Evidential Value of Unsworn Evidence

  1. The evidential value of the unsworn evidence of a child can be found in section 209(3) of the Evidence Act which states that, “A person shall not be liable to be convicted for an offence unless the testimony admitted by virtue of subsection (1) of this section and given on behalf of the prosecution is corroborated by some other material evidence in support thereof implicating the defendant.” Therefore, the law remains unchanged that the unsworn evidence of a child cannot support the conviction of a defendant for any offence without corroboration.
  2. Finally, it must be noted that the evidence of a child under 14 years of age wrongly admitted on oath is not altogether inadmissible but it will be treated as unsworn evidence which must be corroborated before it can be acted upon.

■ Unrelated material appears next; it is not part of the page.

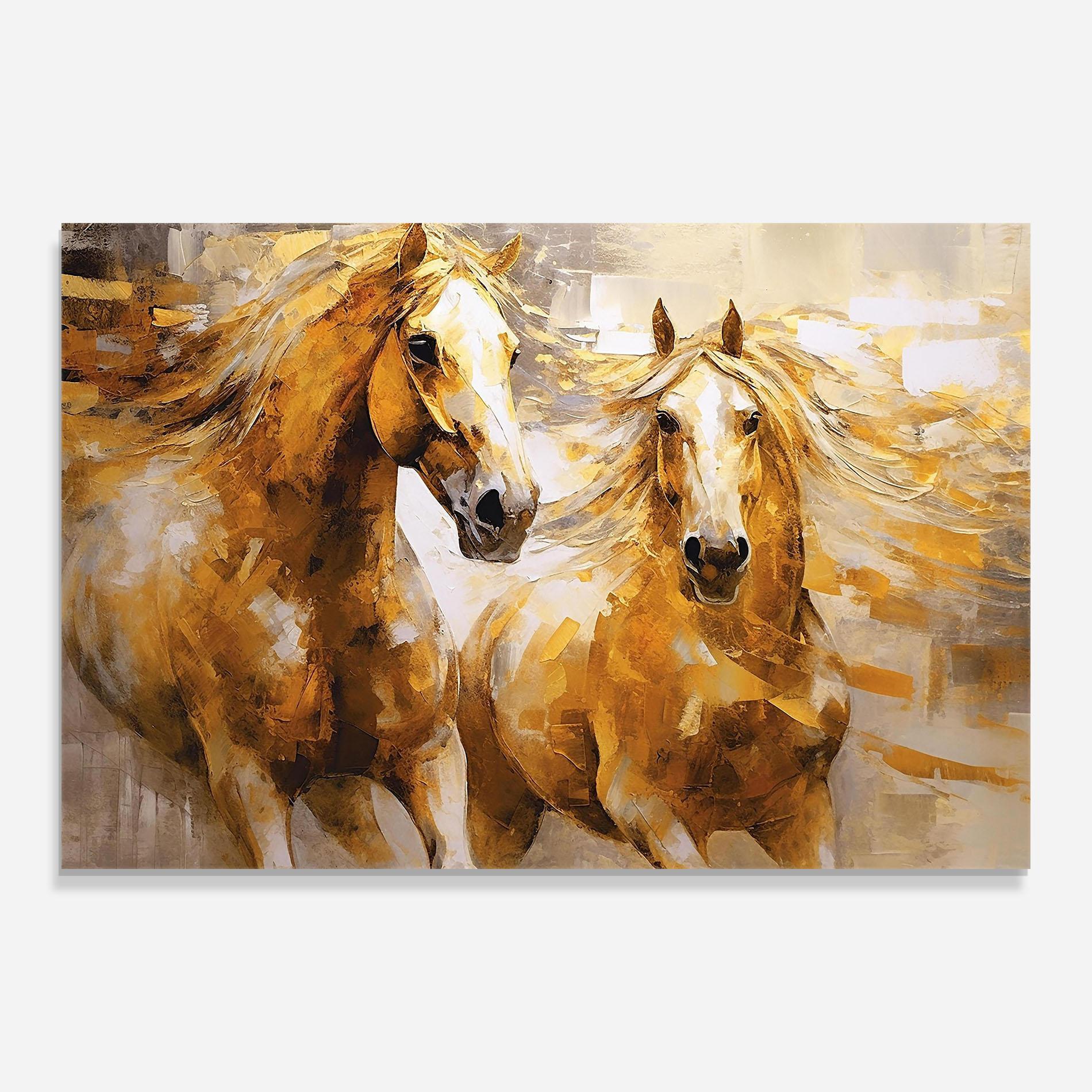 Tablou Sticla Golden Brown Horses mockup 0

In Okon v The State,[7] Nnaemeka-Agu JSC said,

“From all these decisions, it appears to me to be the law that where, as in this case, an irregularity has occurred in the taking of the  evidence of a child, the correct approach to such evidence is not expunge it but to see whether it has been corroborated by other  evidence implicating the defendant.”

Conclusion

  1. The Evidence Act 2011 has abolished the oaths test and there is no longer a duty on trial courts to determine whether or not a child understands the nature of an oath. After 2011, a child who is 14 years old is deemed to understand the nature of an oath and permitted to give sworn evidence while all other children under 14 years of age can only give unsworn evidence.

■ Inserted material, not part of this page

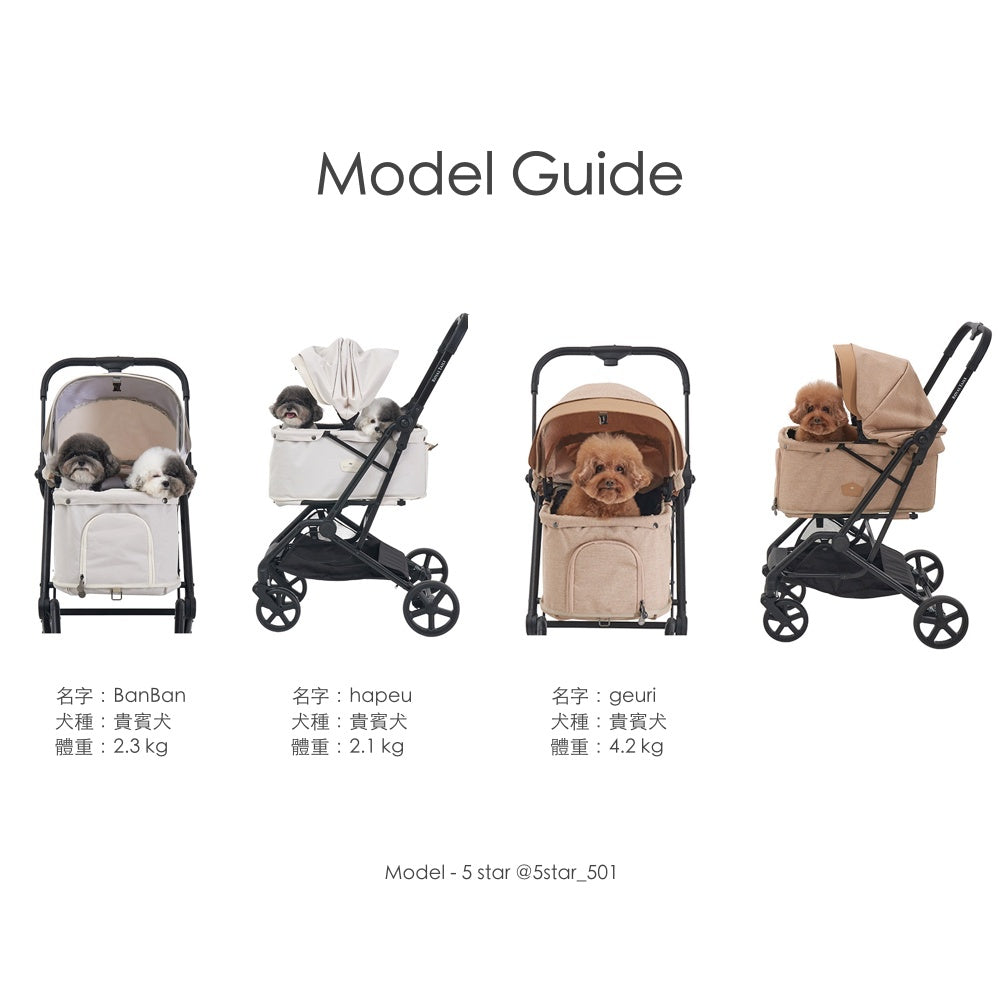 韓國 Royaltails 雙開敞篷寵物推車 Florence Plus|一秒自動收車|黎明黑 - 高品質寵物推車 - 特價 $TWD 15120|LOVE PET FAMILY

[1] Arebamen v The State (1972) NSCC 194,

[2] (1988) ANLR 173 at 181.  See also, Okoye v The State (1972) ANLR 938,

 

[3] (1988) ANLR 173 at 186

[4] (1990) NWLR (pt.145) 484 at 498.  See also, Sambo v The State (1993) NWLR (pt.300) 399 at 421, Okoye v The State (1972) ANLR 938 at 943, Onyegbu v The State (1995) NWLR (pt.391) 510 at 529,

[5] (2006) NWLR (pt.980) 637.

[6] (1993) NWLR (pt.300) 399 at 421. See also, Peters v The State (1997) NWLR (pt.531) 1.

 

[7] (1988) ANLR 173 at 182.  See also, Onyegbu v The State (1995) NWLR (pt.391) 510, Mbele v The State (1988) NWLR (pt.145) 484 at 499, Siwobi v COP (1997) NWLR (pt.482) 411, Sambo v The State (1993) NWLR (pt.300) 399 at 419, Okoyomon v The State (1973) NSCC 9, Ogunsi v The State (1994) NWLR (pt.322) 583 at 590, Solola v The State (2005) NWLR (Pt.937) 460.